Puede decirse que la propia noción de femenino, como una representación genérica de los atributos sociales e incluso psíquicos de las mujeres se construye en una relación directa con el trabajo doméstico, en la cual una cosa da sentido a la otra. En el proceso de constitución de un modelo femenino en Occidente, forjado en el siglo XIX, en los países del Norte, necesario a la nueva forma de organización social del trabajo y al mantenimiento del poder de los hombres, las mujeres y el trabajo doméstico fueron tomados como cosas inextricables.

Cuando recorremos la historia de la revolución industrial vamos a encontrar, desde su inicio, la presencia de las trabajadoras asalariadas y podemos, también, percibir una persistente negación histórica en considerar a las mujeres como parte de la clase trabajadora. De esa forma, las mujeres contratadas en el trabajo asalariado fueron tratadas como fuera de su lugar y, por eso, la inserción de las mujeres en el mercado de trabajo fue, desde ahí, tratada como una ausencia del espacio para el cual ellas estaban “destinadas”. Ese discurso de sustentación de una ideología que produce la desvalorización de la participación de las mujeres, en el mercado de trabajo, fue una estrategia fundamental para mantener la explotación/opresión de las mujeres como parte del orden natural de las cosas

El siglo XIX colocó esa cuestión como un problema. Evidentemente un problema para ser resuelto a favor del nuevo orden que se establecía regido por los intereses del mercado (de capital), y sometido al poder de los hombres (patriarcal). Según Joan Scott (1991), “La visibilidad de la mujer trabajadora resultó de su percepción como un problema, un problema de creación reciente y que exigía una resolución urgente. Ese problema implicaba el propio sentido de la feminidad y su compatibilidad con el trabajo asalariado; fue puesto y debatido en términos morales y categoriales”. Cualquiera que fuese la situación e inserción de la mujer en el mercado de trabajo y cualquiera que fuese la posición sobre las tendencias del capitalismo, las cuestiones giraban siempre en torno de: ¿Deben las mujeres trabajar por un salario? ¿Cuál es el impacto del trabajo asalariado en el cuerpo femenino y en su capacidad de desempeñar las funciones maternales y familiares? ¿Qué género de trabajo es adecuado para una mujer?” (Scott, 1991). Esas cuestiones traídas por Scott, fruto de investigaciones históricas, nos muestran, también, de manera clara, la conexión entre el cuerpo de las mujeres y la producción de la división sexual del trabajo presente en la elaboración de las doctrinas morales que legitimaban la opresión de las mujeres, configurada en el nuevo orden.

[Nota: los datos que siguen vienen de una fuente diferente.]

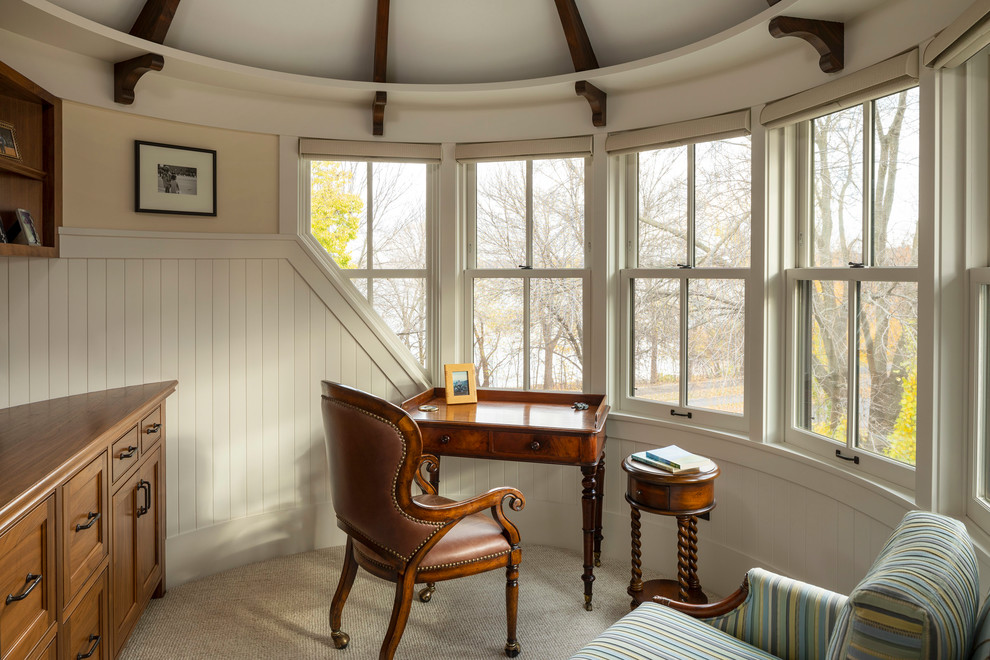 Inspiration pour un petit bureau traditionnel avec moquette, un bureau indépendant, un sol beige et un mur beige.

Las diferencias de clase entre mujeres es, históricamente, determinante de su situación en la relación trabajo doméstico/trabajo asalariado. Para todas las clases, el trabajo doméstico siempre fue responsabilidad de las mujeres. Existe, en tanto, una desigualdad histórica en la forma de enfrentar esa relación. En la tradición las mujeres de clase media estuvieron de forma muy minoritaria en el mercado de trabajo y con una permanencia de corta duración y, a partir del casamiento y de la constitución de la familia, de manera general, hacían un retorno a la las actividades del “hogar” exclusivamente. En el nuevo escenario, de inserción cada vez mayor de las mujeres al mercado de trabajo formal e informal, las mujeres de las camadas medias están inseridas de una manera que rompe con su forma de inserción tradicional pues, cada vez más, están colocadas como profesionales con planes de carrera y, por tanto, de permanencia en el mercado de trabajo como parte del proyecto de vida.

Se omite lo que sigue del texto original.